Chad to send 800 police and gendarmes to Haiti this year

Chad plans to send 800 police officers and gendarmes to Haiti this year to help combat powerful armed gangs.

The deployment is expected by June after Chadian forces undergo training with “European and American partners,” according to an anonymous official.

Dominican Republic Foreign Minister Roberto Alvarez said the U.N.-backed Gang Suppression Force will reach 5,500 personnel by October, replacing Kenyan-led operations gradually.

Alvarez noted Chadian troops were reportedly being trained in the United States, though the U.S. State Department denied any training there.

“We thank the Government of Chad for their pledged contribution… Chadian troops are not training in the United States,” a spokesperson clarified.

The Gang Suppression Force succeeds the Kenyan-led Multinational Security Support mission, but few deployments have arrived since approval in September last year.

Currently, the force consists mostly of Kenyan police with smaller contingents from Central America and the Caribbean, awaiting additional international contributions.

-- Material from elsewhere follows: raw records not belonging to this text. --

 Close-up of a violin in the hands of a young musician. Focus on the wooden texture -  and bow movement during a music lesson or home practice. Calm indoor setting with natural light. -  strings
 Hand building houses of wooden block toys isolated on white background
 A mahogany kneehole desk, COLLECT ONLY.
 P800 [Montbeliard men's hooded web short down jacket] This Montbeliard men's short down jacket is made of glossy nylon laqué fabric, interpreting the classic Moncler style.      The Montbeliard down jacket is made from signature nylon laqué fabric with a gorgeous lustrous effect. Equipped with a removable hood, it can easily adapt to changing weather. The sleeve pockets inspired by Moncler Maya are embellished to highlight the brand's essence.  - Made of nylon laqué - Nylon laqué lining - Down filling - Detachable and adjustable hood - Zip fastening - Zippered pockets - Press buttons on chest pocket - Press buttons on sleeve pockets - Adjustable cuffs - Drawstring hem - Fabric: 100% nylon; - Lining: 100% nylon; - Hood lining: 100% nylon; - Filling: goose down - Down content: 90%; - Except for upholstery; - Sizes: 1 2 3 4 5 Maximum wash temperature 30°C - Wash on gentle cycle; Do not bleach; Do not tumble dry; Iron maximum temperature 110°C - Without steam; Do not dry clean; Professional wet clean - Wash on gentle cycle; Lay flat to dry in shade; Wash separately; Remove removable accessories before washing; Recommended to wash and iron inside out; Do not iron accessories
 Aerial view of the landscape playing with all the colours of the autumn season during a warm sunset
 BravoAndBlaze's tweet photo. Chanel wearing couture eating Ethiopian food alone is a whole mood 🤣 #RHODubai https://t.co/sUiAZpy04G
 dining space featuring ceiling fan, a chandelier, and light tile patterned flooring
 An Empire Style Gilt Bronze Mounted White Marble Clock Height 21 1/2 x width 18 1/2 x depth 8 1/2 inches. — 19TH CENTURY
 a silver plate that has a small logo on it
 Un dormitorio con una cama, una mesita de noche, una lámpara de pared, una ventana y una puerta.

Chad pledged support to the MSS in October 2023 without specifying numbers or a timeline, joining similar promises from Benin and Bangladesh.

Despite pledges, no troops from Chad, Benin, or Bangladesh have yet deployed, leaving Haiti’s gang crisis largely in the hands of existing forces.

The new deployment aims to bolster Haitian police struggling against entrenched gangs, highlighting the urgent need for international cooperation and swift action.